Stuck in the Middle with You
With age, some smooth muscle cells in the media die causing the remaining ones to work harder and grow larger.Over time, other alterations cause some smooth muscle cells to stop contracting as usual. Instead, these cells begin producing excessive amounts of proteins and other matrix substances, creating an imbalance of elastin and collagen in the media. As the amount of collagen increases in the blood vessel wall, it tends to bind to glucose molecules, forming crosslinks known as advanced glycation end products (AGES). This process, which has been compared to what happens as turkey is roasted in an oven, is slow and complex. But as more AGES form, the collagen strands in the media turn brown, become crosslinked, and become less supple.

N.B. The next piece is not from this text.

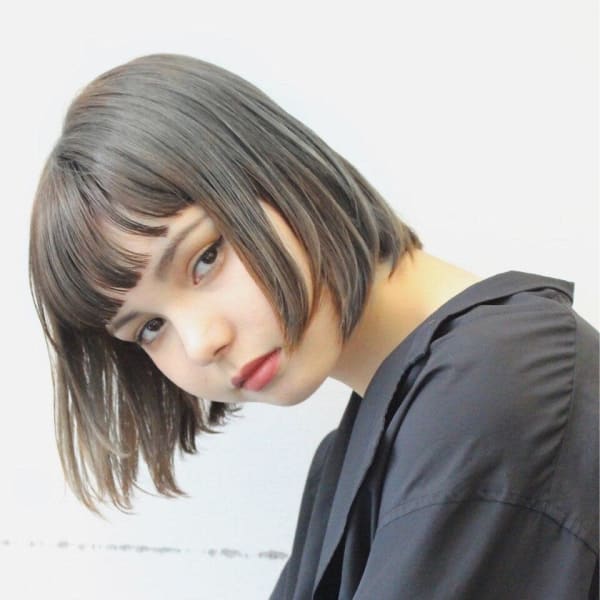 #10代20代30代#インナーグレージュ#マチルダボブ#前髪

Age takes its toll on elastin, too. It becomes overloaded with calcium, stretches out, and eventually ruptures, further eroding an artery’s flexibility.
Scientists studying this process are particularly intrigued by matrix metalloprotease-2 (MMP2), an enzyme activated by angiotensin II as well as many other signals. Although many of its functions are unclear, studies in rodents, monkeys, and humans suggest MMP2 helps break down key components of the basement membrane, the barrier that separates the intima from the media in artery walls. MMP2, in conjunction with angiotensin II, also activates other growth factors, such as transforming growth factor, which might stimulate collagen and cell growth, the development of fibrous tissue, and contribute to thickening of the intima. In addition, this combination of MMP2 and angiotensin II activates PDGF-B, a growth factor, which acts as an attractant that lures smooth muscle cells to migrate from the media to the intima.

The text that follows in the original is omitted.